¿Qué relación existe entre la tradición y el progreso?
La tradición es potenciadora de progreso si pervive y dura “dando de sí”, o sea, si contiene valores que exigen tiempo para revelarse.
Cuando decimos que algo –como un terreno– “no da de sí” queremos significar que “no da para más”, que está agotado, que ha llegado a un límite insuperable.
Ahora bien, el auténtico progreso no corta con una tradición que está “dando más de sí”. Lo que “da de sí” es lo que hay de verdad, de bondad y de belleza en lo real. El progreso hace que esos valores se hagan más actuales, más presentes, hasta el punto de dinamizar el curso individual y social.

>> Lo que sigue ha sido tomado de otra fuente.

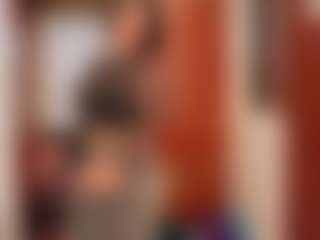 Live cam show with karennlenoy - Brown Eyes Mature on sexytreat.net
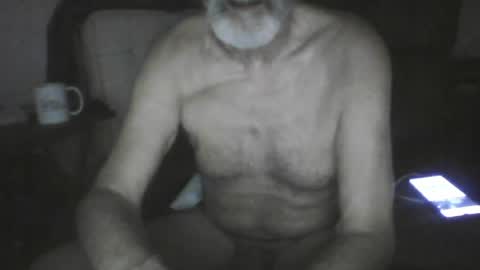 bige9250 online show from June 26, 2026, 7:57 am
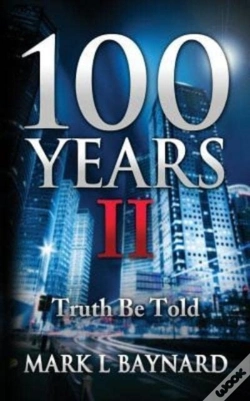 Capa do artigo 100 Years Ii
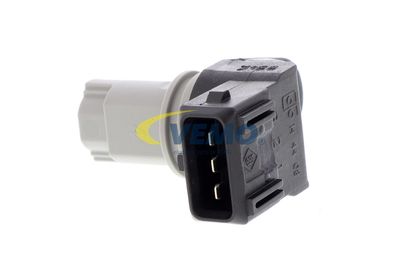 SENSOR ZüNDIMPULS VEMO V46720019 16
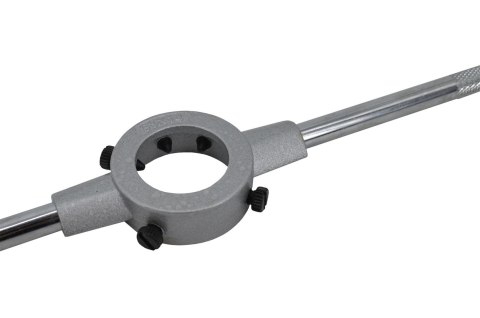 AWTOOLS UCHWYT DO NARZYNEK M3-M4 AWTOOLS UCHWYT DO NARZYNEK M3-M4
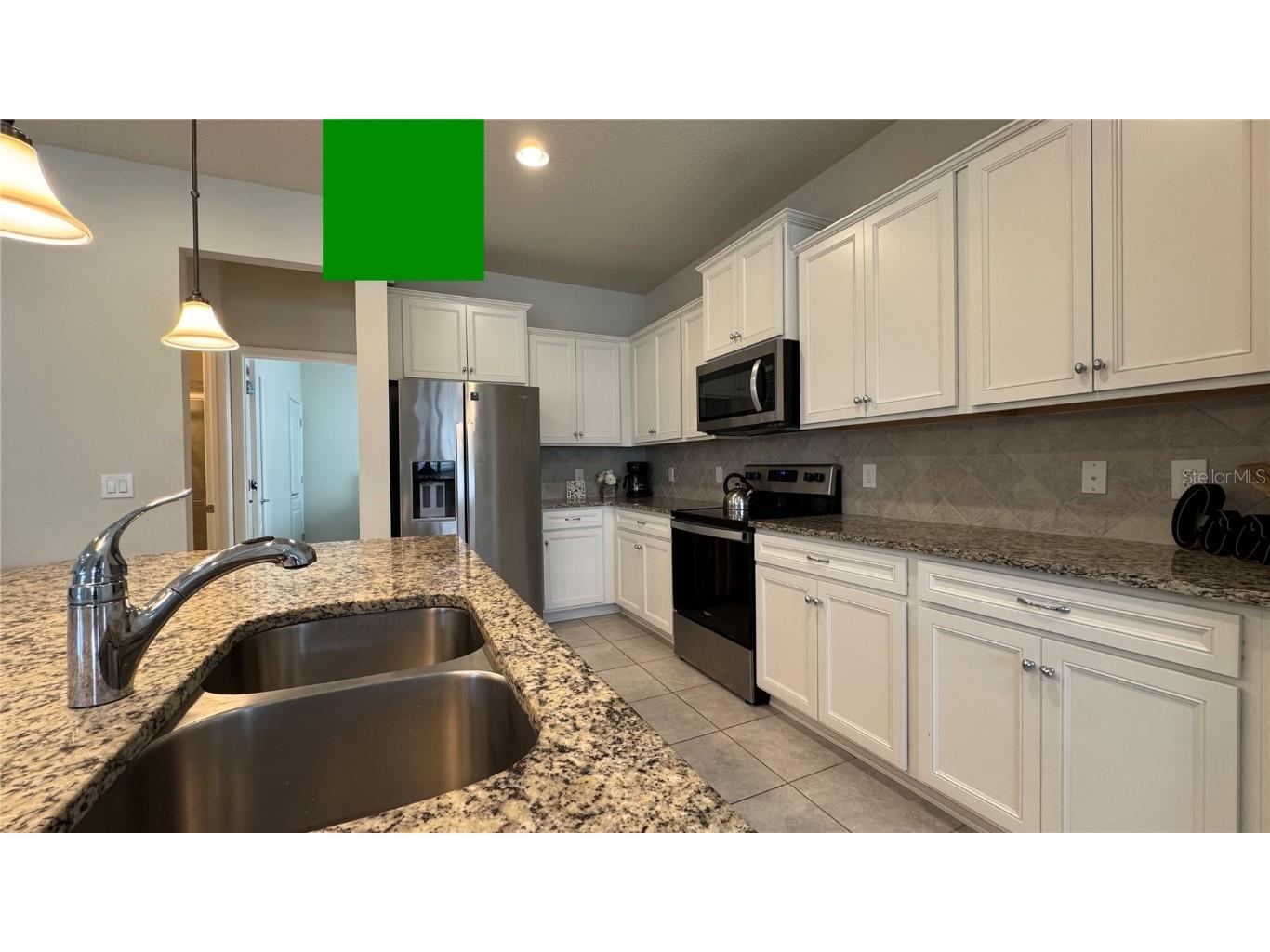 8926 Zurich Lane Kissimmee FL 34747 O6311534 image10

El auténtico valor es el que “está presente” en todo el proceso histórico. De la fuerza y seguridad interna de ese valor depende que su permanencia en el tiempo se cumpla o no. Pero ese cumplimiento no acontece con la necesidad de un proceso mecánico, porque depende de la respuesta libre del hombre en la historia. El progreso no acontece cuando el hombre desfigura o transforma la fuerza original e interna de ese valor; sino cuando lo deja “dar de sí” progresivamente. El depósito de la tradición no puede seguir siendo el mismo históricamente más que progresando. Es un progreso hacia la identidad: en ello consiste, a mi juicio, la esencia misma del progreso humano.
Ahora bien, con frecuencia se ha llegado a enfrentar tradición y progreso; o a lo sumo se dice que son complementarios, como si fueran dos elementos heterogéneos que se agregan accesoriamente. Lo cierto es que sin tradición no hay progreso. Ambos factores son como la cara y la cruz de una misma moneda, o mejor, de un mismo proceso temporal, como es el de las cosas humanas.
Puro progreso sin tradición es “revolución”, cambio rápido, profundo y violento en las actitudes personales y en las instituciones políticas, económicas o sociales.
Pura tradición sin progreso es “involución”, esclerosis y atrofia, detención de un proceso personal, cultural, económico o político.
En ambos casos se va contra la vida y acecha la muerte: bien la de quienes pregonan el progreso, pero son eliminados por los agentes de una tradición coagulada; o bien la de quienes manifiestan la tradición, pero son masacrados por agentes de un progreso vaporoso. Lo que perdura en esos dos desaciertos es el cementerio de las esperanzas frustradas. ¡Los pintores que se han atrevido a simbolizar las guerras de uno u otro signo han reflejado, bajo una bandera humeante, regueros de estrago y desolación! Las palabras fastuosas sobre las tumbas suenan, en estos casos, como expresiones bufas de la impotencia que muestran los humanos para equilibrar la cara y la cruz de esa breve moneda que es el tiempo vital. Pero si algo que se llamaba tradición “no da de sí” es porque erróneamente se había llamado tradición. Abandonarlo no es revolución, sino simple avance vital.
En realidad la tradición se constituye con los elementos que antes fueron un progreso, y que hicieron al hombre más digno y humano. Esos elementos “progresivos” perviven en el seno de la tradición auténtica como semillas de más florecientes avances. Y en eso estriba el curso vital del hombre, el que comúnmente refleja la historia.